An exact repetition of the data is required; no picture should appear in it.

## Provided data

________________________________________

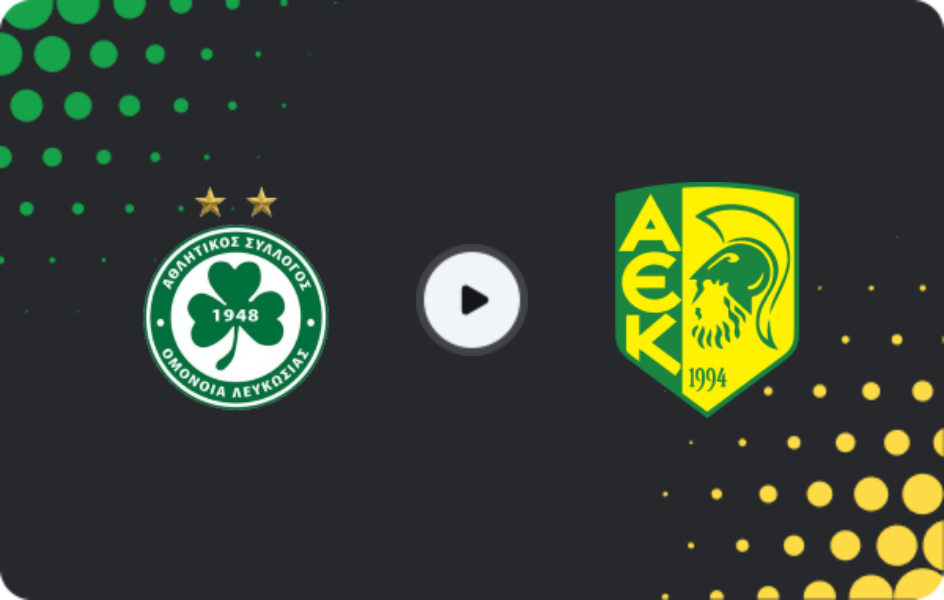 Where to watch Omonia Nicosia — AEK Larnaca, Cup, 10.12.2025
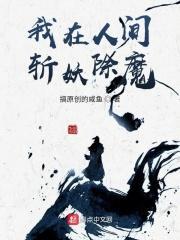 我在斩妖寺除魔30年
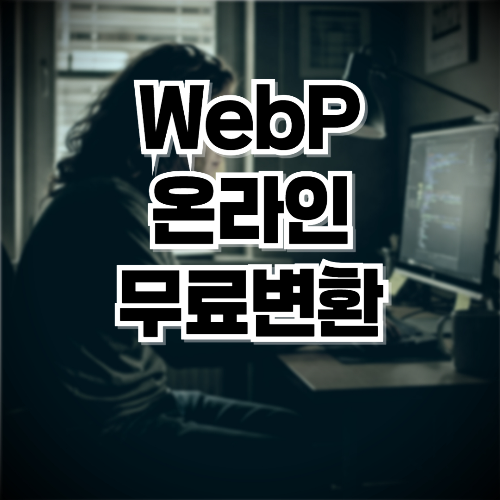 WebP 온라인 무료변환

________________________________________

## Output
 Where to watch Omonia Nicosia — AEK Larnaca, Cup, 10.12.2025
 我在斩妖寺除魔30年
 WebP 온라인 무료변환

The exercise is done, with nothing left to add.